安定インカムを求める投資家の間で、近年不動産を中心としたリアルアセットへの投資が進んできたが、足もとのコロナ禍によって稼働が落ち込んだり、賃料が下落したりしたケースも少なくない。そうした中にあって、相対的に良好なパフォ-マンスを発揮しているセクターが「トリプルネットリース」だ。

不動産とリアルアセットに特化したグローバルのキャピタルアドバイザリーファームHodes Weill & Associatesのバイスプレジデントで、海外不動産業界に詳しい中村佳子氏に、トリプルネットリースの仕組みと投資妙味を聞いた。

――はじめに、トリプルネットリースとはどんな不動産を指すのか教えて下さい。

まず、ネットリースとは、テナントが賃料の他に不動産の運営費用や資本的支出を負担する契約のことで、テナントの費用負担度合いに応じて、ダブルネットリース、トリプルネットリースと呼称が変わります。中でもトリプルネットリースは、通常不動産オーナーが負担する修繕費用、保険、税金などといった多くの費用をテナントが負担するリース契約です

ネットリース契約は、企業が自社物件を外部のファンドや投資家に売却した後に、テナントとして賃借する「セールアンドリースバック」を通じて多く組成されています。これは、テナントには自社ビル等の不動産を使い続けながら売却によって資金調達が行えるメリットがあります。

一方、不動産を購入した側のメリットとしては、リース期間が長期となるケースが多い、テナントが当該不動産を使用しなくなっても契約上賃料を支払い続ける義務がある、変動費用はテナントが負担する、などが挙げられます。これにより、長期にわたり予見性の高いネネットキャッシュフローの獲得が可能となります(図1)。



――日本ではあまり聞いたことがない契約形態ですが、海外では一般的なのでしょうか。

ネットリース契約を結ぶ不動産は欧米を中心に普及しており、米国の2020年における商業用不動産取引全体に占めるネットリース取引の割合は14.7%*でした。
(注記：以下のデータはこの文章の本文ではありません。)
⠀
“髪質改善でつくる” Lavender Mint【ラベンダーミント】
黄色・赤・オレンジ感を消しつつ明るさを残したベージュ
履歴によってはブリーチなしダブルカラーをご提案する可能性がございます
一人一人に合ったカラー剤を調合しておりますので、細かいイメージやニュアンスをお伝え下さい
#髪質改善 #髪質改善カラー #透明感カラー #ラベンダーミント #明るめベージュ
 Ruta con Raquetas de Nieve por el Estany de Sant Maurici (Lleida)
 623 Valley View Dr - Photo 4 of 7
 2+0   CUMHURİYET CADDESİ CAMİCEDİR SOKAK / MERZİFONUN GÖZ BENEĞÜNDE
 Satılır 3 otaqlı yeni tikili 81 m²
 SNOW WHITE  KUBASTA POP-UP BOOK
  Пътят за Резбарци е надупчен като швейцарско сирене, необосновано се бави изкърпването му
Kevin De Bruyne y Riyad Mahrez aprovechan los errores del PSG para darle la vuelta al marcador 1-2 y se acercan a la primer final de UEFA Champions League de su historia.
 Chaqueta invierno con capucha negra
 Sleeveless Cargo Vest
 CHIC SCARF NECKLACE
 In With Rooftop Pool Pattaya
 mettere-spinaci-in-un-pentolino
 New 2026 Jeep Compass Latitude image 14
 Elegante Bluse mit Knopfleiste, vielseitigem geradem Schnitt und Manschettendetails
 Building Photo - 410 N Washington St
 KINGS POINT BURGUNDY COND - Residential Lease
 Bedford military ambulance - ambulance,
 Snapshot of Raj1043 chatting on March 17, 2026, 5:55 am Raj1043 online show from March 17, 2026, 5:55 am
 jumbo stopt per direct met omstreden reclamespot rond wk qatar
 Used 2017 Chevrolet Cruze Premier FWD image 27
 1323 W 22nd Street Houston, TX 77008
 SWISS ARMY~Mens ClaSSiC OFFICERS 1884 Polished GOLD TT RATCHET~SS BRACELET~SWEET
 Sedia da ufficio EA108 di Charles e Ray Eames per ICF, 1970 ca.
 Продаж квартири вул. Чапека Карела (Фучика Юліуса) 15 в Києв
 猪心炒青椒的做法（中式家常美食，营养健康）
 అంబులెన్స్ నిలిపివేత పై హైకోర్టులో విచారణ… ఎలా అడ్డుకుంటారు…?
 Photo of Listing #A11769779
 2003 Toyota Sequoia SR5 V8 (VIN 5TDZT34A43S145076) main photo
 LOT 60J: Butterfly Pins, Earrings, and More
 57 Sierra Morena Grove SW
欧米企業においては、一般的に、資本効率化に対する意識が高いこと、デットやエクイティと並んでネットリースを活用した資金調達が相対的に普及していること、投資家からの旺盛な需要などが背景として挙げられます。

*CBRE Research, Real Capital Analytics Q1 2021

 ――トリプルネットリースの不動産が増えることで、投資家がアクセスできる機会も増えているのですか。

不動産投資家からの安全資産や安定イールドに対する需要、企業の資金調達手段としてのニーズ等を背景に、上場REIT、私募ファンドのどちらにおいても、ネットリース不動産は近年存在感を増しています。

例えば、米国の上場REIT市場において、2006年時点のネットリースREITは9銘柄、時価総額約10億ドル、市場全体に占めるシェアは2%でしたが、2021年には21銘柄、約1440億ドル、シェア9%にまで拡大しました。

セクターについては、オフィス、インダストリアル(物流)、リテール(小売)がネットリースにおける主なサブセクターの構成で、さらにリテールセクターはスーパーマーケット、薬局、ガソリンスタンド&コンビニなどの業種を中心に構成されています。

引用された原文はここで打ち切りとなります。